What I’d really love to see is a separation of forecast data and forecast presentation. If it occurred, lots of interesting possibilities open up: you could easily overlay forecasts from different sources, run forecasts against actuals later, or even create a heatmap of which areas some forecasts always nail and where they miss.

I could be wrong here, but it seems as if the public-facing meteorologists of the country would be naturally aligned against this idea. For the most part, they don’t look back at how their forecast missed (at least publicly). They want to be your go-to source for the weather forecast. So perhaps this would be an uphill battle. But one organization could definitely do this: the NWS. If they got in the business of presenting their data well - models, actuals, forecasts, and probabilities - they could start a swing towards more interesting weather UI presentations, more honest evaluation of forecasting, and a more conscious public knowledgeable about the variation possible in an upcoming storm. And that’s a great thing, not only because the NWS is still known for the horrid text boxes above, but also because the state of the art in weather apps right now seems to be this:

Effing Weather App

Events

It may seem like I’m going a bit overboard on this right now because I live near DC and the classic DC snow hole is killing me this winter. And that’s true. When it’s 90 and sunny in July at the beach, I could care less that the standard deviation in high temperature was 2.5 degrees between the various GFS ensembles.

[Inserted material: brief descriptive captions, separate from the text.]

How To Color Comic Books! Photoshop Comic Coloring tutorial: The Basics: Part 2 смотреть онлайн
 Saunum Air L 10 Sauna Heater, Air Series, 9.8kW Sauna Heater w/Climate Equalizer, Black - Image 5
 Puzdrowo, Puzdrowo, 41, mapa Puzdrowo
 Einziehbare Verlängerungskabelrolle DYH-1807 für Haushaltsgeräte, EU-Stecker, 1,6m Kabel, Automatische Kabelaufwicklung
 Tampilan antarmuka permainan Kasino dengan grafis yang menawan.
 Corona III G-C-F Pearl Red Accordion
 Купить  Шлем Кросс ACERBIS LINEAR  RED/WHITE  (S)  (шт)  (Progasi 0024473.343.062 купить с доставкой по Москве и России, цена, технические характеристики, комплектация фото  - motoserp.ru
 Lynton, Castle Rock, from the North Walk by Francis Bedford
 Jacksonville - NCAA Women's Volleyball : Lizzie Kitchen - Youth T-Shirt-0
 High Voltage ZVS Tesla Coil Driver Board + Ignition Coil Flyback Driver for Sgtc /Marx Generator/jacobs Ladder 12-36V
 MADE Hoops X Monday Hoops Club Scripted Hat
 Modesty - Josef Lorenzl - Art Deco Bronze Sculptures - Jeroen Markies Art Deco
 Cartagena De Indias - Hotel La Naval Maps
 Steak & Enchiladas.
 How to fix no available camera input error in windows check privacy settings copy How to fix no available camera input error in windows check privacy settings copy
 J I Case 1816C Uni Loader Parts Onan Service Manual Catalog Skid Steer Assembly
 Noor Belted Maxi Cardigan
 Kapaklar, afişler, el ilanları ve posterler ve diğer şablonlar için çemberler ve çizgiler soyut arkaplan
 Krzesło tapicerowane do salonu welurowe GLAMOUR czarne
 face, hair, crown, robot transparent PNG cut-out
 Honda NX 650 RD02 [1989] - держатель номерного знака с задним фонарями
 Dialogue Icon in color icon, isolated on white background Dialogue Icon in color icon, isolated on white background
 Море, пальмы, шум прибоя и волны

True weather disasters is where this will really matter, and snow is the least of those. I joked about it above, but it really is a bit sad that the tornado warning system of today is still based on sirens and radio stations. Almost everyone has geo data on their phones, and we’ve got geo data on every weather event. If we can receive AMBER alerts on our phones, we ought to be able to receive geographically relevant tornado warnings as well. The same is true for hurricanes, fires, space weather (X-Class solar flares anyone?), flood watches, severe thunderstorms, and others. And yet, these sorts of notifications are still tucked away behind a firewall of obfuscation, available only for professional meteorologists, firefighters, police, and related fields.

Here’s hoping for a general trend towards a better data model, protocol and API for weather, and the possibility this could make more data available to the general public. And now I should go update my USGS feed for OMGEarthquake. I can’t wait to do OMGTornado one day.